Government under pressure to introduce £70 a year pay per mile road charges

by · NottinghamshireLive

The gradual move from petrol and diesel vehicles to electric cars has sparked an urgent need for a rethink on road usage charges, says Tony Blair's thinktank. With fuel duty income predicted to plummet, alternatives such as pay-per-mile schemes need to be considered, the Tony Blair Institute has said.

Rachel Reeves is anticipated to announce the end of a temporary 5p reduction in fuel duty, possibly coupled with an inflationary increase in tax on petrol and diesel at the pumps, in the Budget next Wednesday. However, the Institute suggests that instead of reinstating fuel duty rates as planned, Reeves should introduce a simple road pricing system of 1p per mile for cars and vans, and between 2.5p to 4p for lorries and heavy goods vehicles.
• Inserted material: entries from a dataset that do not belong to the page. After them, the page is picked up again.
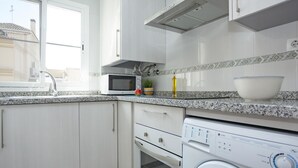 Une cuisine moderne avec des meubles blancs, un four à micro-ondes encastré, un lave-linge et un plan de travail en granit.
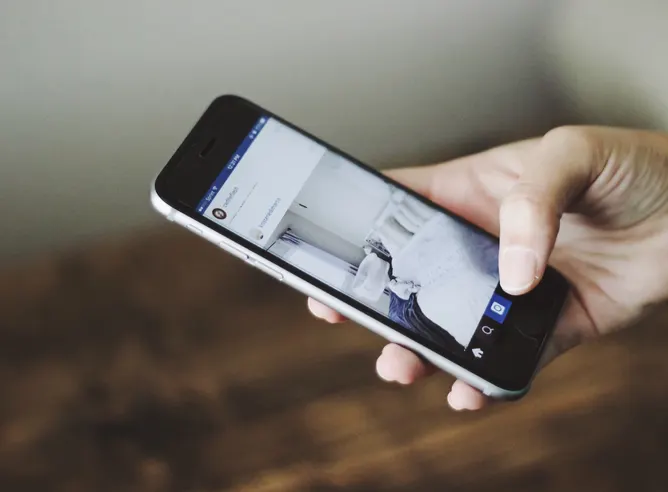 A hand holding a phone open on an Instagram profile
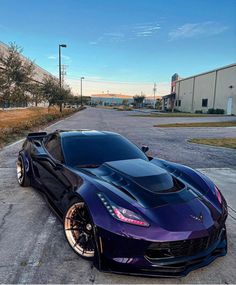 a purple sports car parked in front of a building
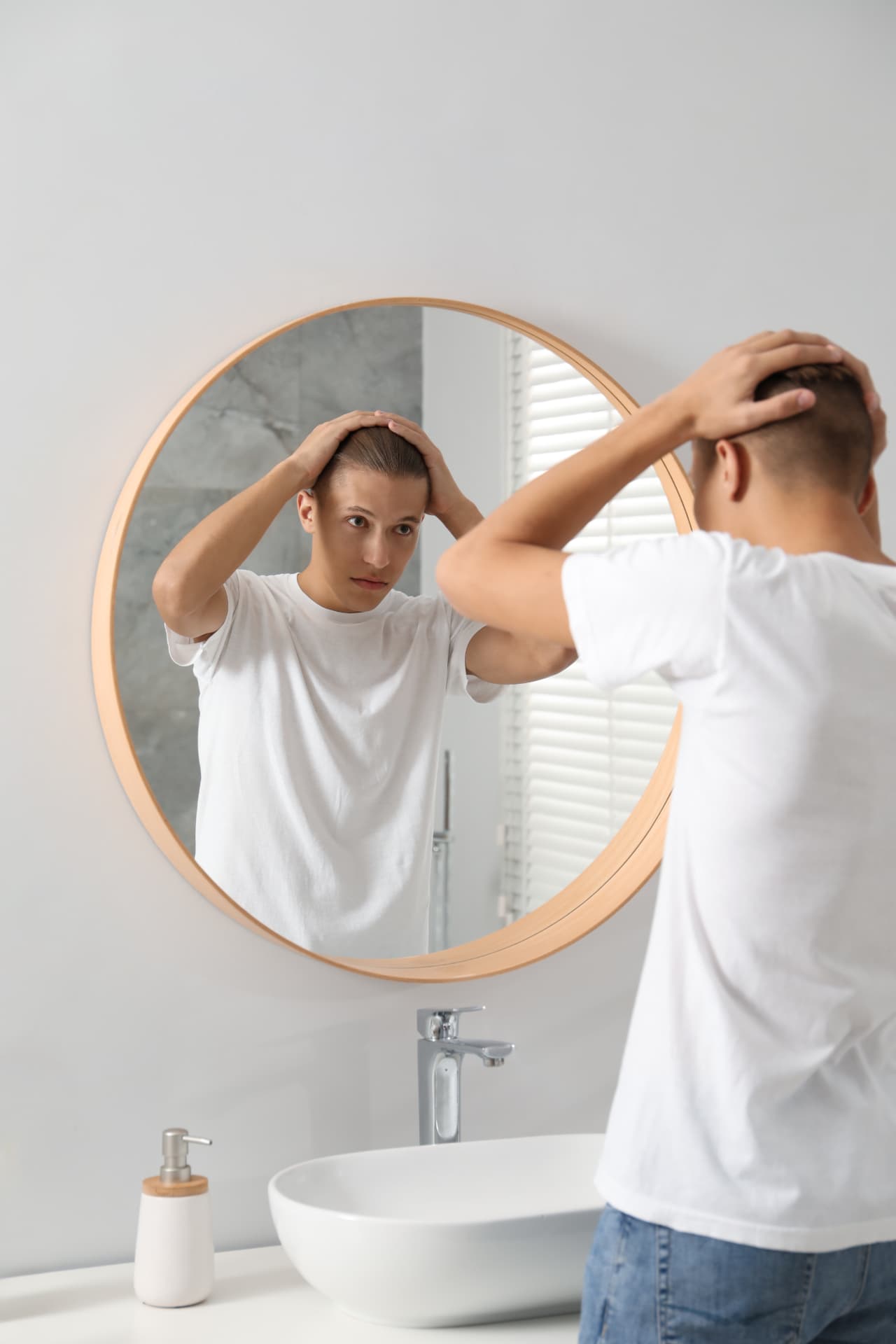 Young man examining his hairline in a bathroom mirror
A new report from the institute argues that this change would generate the same revenue from motorists as the Treasury expects to raise from ending the 2022 temporary cut in fuel duty – making it potentially less politically contentious if implemented now rather than later. Attempts by the Blair government in 2007 to introduce widespread road tolling were met with public opposition and a record number of people signed a parliamentary petition in protest.

However, the rise of electric cars and the feared loss of fuel duty income, which generates about £25 billion annually, has reignited calls for reform. According to The Guardian, the Institute has posited that introducing a minimal road pricing scheme would be instrumental in updating UK's vehicle taxation system for the burgeoning electric-vehicle epoch and aid in averting a detrimental surge in road congestion. It is predicted that the initial rate of charging may tally at an annual cost of approximately £70 for the average driver, calculated using mileage data sourced from car odometers during their yearly MOT test.

The report hints at retaining but freezing fuel duty and suggests its eventual obsolescence as vehicles transition to zero-emission, with the estimated per-mile charge reaching between 10 to 12p by mid-century. Recent weeks have seen surging discussions on potential reforms, further fuelled after Sir John Armitt of the National Infrastructure Commission mooted road pricing as "inevitable".

Pro-reform groups such as the Campaign for Better Transport have been calling for pay-per-mile charges on electric vehicles. Even motoring organisation RAC acknowledges impending changes; earlier this year, Simon Williams, the RAC's head of policy, pronounced: "As more and more EVs come on to the roads the Government will need to tax drivers differently. We think replacing fuel duty with a pay-per-mile system as soon as possible is the way forward as then the only tax levied on fuel would be VAT. This would give retailers nowhere to hide."

A government spokesperson clarified the situation, stating: "We have no plans to introduce road pricing. We are committed to supporting our automotive sector as we transition to electric vehicles in order to meet our legally binding climate targets."